> **Dataset content**:
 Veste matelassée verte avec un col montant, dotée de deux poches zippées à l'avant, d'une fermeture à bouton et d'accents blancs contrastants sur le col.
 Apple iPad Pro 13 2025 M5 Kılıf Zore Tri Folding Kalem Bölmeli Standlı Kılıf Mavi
--
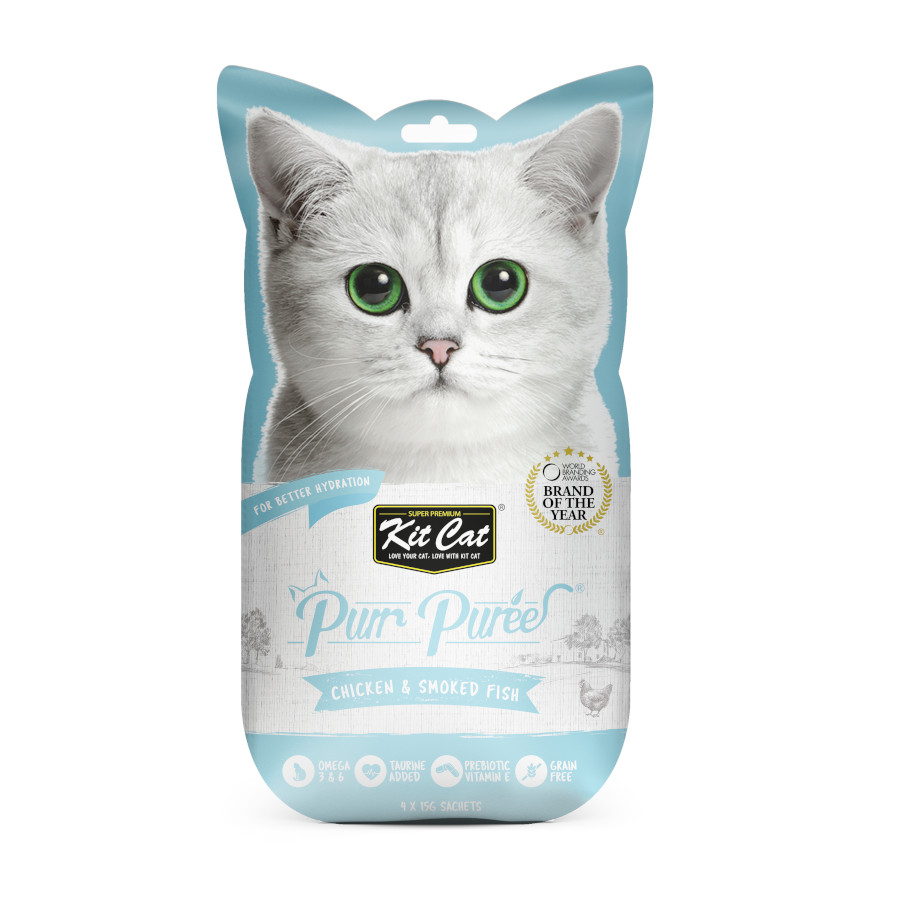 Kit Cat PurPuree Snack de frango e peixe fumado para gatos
--
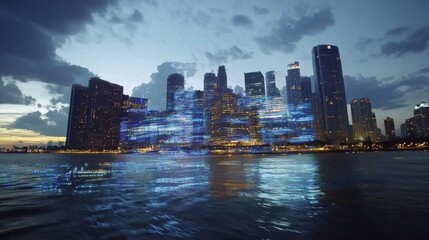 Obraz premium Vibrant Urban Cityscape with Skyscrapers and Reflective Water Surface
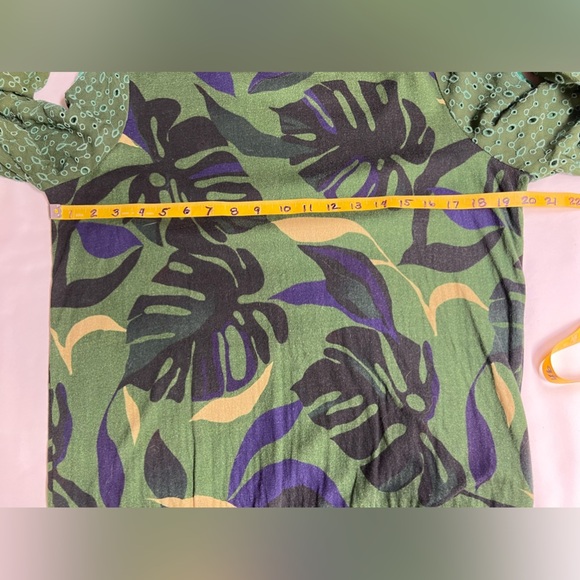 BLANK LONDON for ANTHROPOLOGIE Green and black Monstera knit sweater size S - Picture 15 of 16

> **Task description**: The lines above from the one with "Veste matelassée verte" through the one with "Apple iPad Pro" are to be duplicated exactly, ends included, with nothing added.

> **Response**:
 Veste matelassée verte avec un col montant, dotée de deux poches zippées à l'avant, d'une fermeture à bouton et d'accents blancs contrastants sur le col.
 Apple iPad Pro 13 2025 M5 Kılıf Zore Tri Folding Kalem Bölmeli Standlı Kılıf Mavi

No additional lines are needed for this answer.